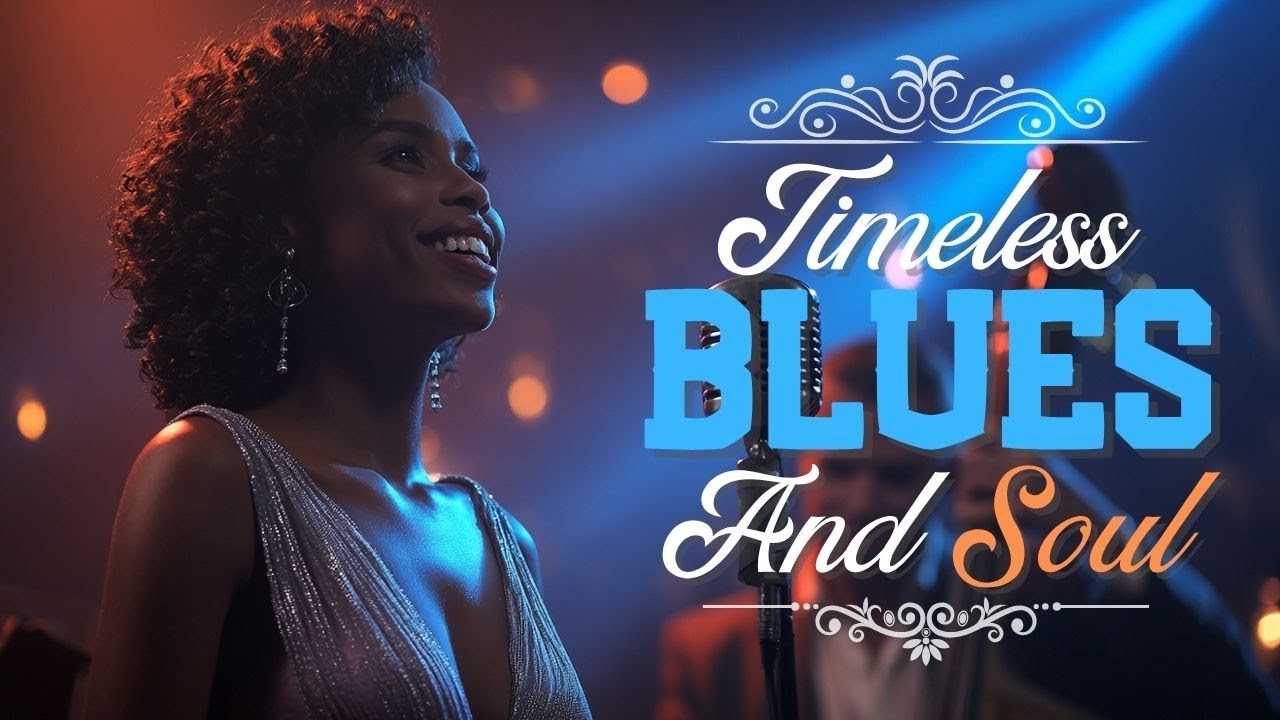 Raw Emotion in Blues | Etta James Inspired Love & Heartbreak Songs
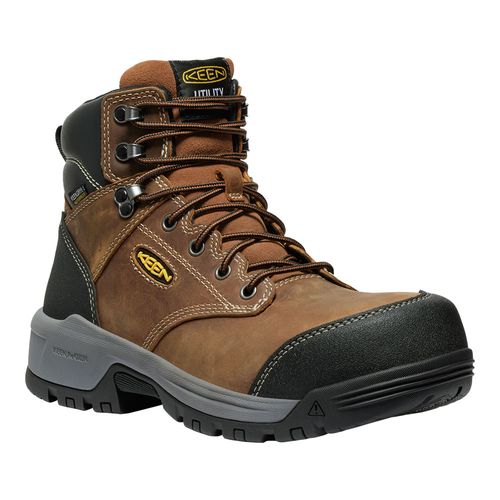 Keen Evanston 6" Waterproof with Carbon Fiber Toe Boot image thumbnail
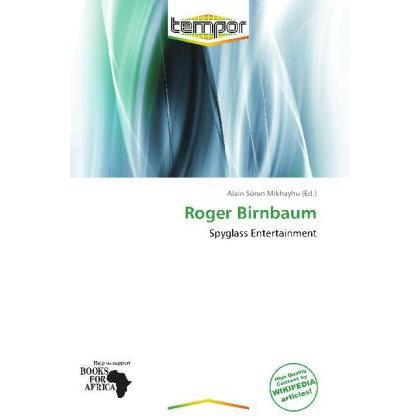 Roger Birnbaum, Fachbücher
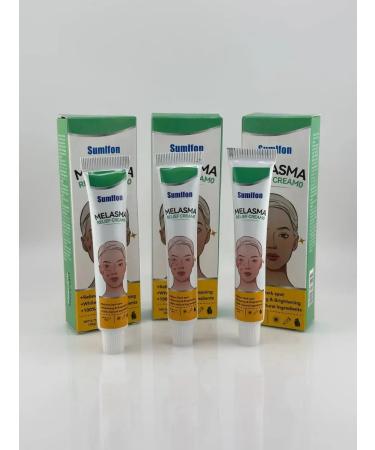 GChe2 Facial cream from freckles - Buy Online on GoSupps.com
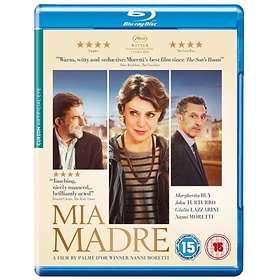 Mia Madre (UK) (Blu-ray)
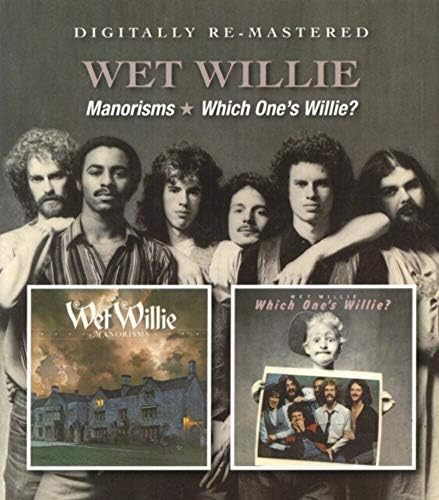 The Best of.../Wet Willie：希少CD Wet Willie - Best of: Wet Willie - Amazon.com Music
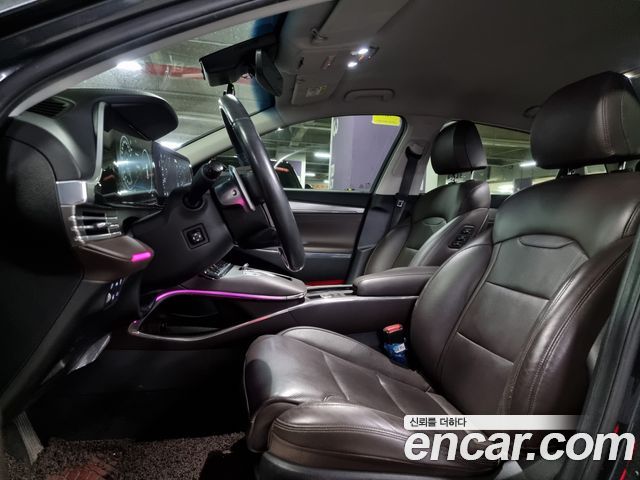 Hyundai Grandeur (IG) 2.5 Exclusice 2020 — фото 10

## Task description:
Print the material in full and exactly, minus the pictures.

## Result:
 Raw Emotion in Blues | Etta James Inspired Love & Heartbreak Songs
 Keen Evanston 6" Waterproof with Carbon Fiber Toe Boot image thumbnail
 Roger Birnbaum, Fachbücher
 GChe2 Facial cream from freckles - Buy Online on GoSupps.com
 Mia Madre (UK) (Blu-ray)
 The Best of.../Wet Willie：希少CD Wet Willie - Best of: Wet Willie - Amazon.com Music
 Hyundai Grandeur (IG) 2.5 Exclusice 2020 — фото 10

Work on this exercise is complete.